- 58°27′05″N 6°00′00″E﻿ / ﻿58.451385°N 6.0001087°E
- Established: 1869
- Dissolved: 26 April 2021
- Jurisdiction: Dalane
- Location: Egersund, Norway
- Coordinates: 58°27′05″N 6°00′00″E﻿ / ﻿58.451385°N 6.0001087°E
- Appeals to: Gulating Court of Appeal

= Dalane District Court =

Former district court in Rogaland, Norway

Dalane District Court (Dalane tingrett) was a district court in Agder and Rogaland counties in Norway. The court was based in the town of Egersund. The court existed until 2021. It had jurisdiction over the southern part of Rogaland county which included the municipalities of Eigersund, Bjerkreim, Lund, and Sokndal plus it also includes the neighboring Sirdal Municipality in Agder county. Cases from this court could be appealed to Gulating Court of Appeal. The court was led by the chief judge (Sorenskriver) Alexander Schønemann. This court employed a chief judge, one other judge, and three prosecutors.

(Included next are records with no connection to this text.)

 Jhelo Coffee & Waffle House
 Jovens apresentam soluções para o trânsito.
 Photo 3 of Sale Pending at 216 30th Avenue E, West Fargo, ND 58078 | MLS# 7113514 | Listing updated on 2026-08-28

The court was a court of first instance. Its judicial duties were mainly to settle criminal cases and to resolve civil litigation as well as bankruptcy. The administration and registration tasks of the court included death registration, issuing certain certificates, performing duties of a notary public, and officiating civil wedding ceremonies. Cases from this court were heard by a combination of professional judges and lay judges.

==History==
This court was established in 1869 when the old Jæren og Dalane District Court was divided into two: Dalane District Court (in the south) and Jæren District Court in the north. Initially, this court had jurisdiction over Sokndal, Lund, Heskestad, Helleland, Bjerkreim, Eigersund, and Ogna. In 1965, jurisdiction over Ogna Municipality was transferred to the Jæren District Court. On 26 April 2021, Dalane District Court was merged with the Jæren District Court and Stavanger District Court to create the new Sør-Rogaland District Court.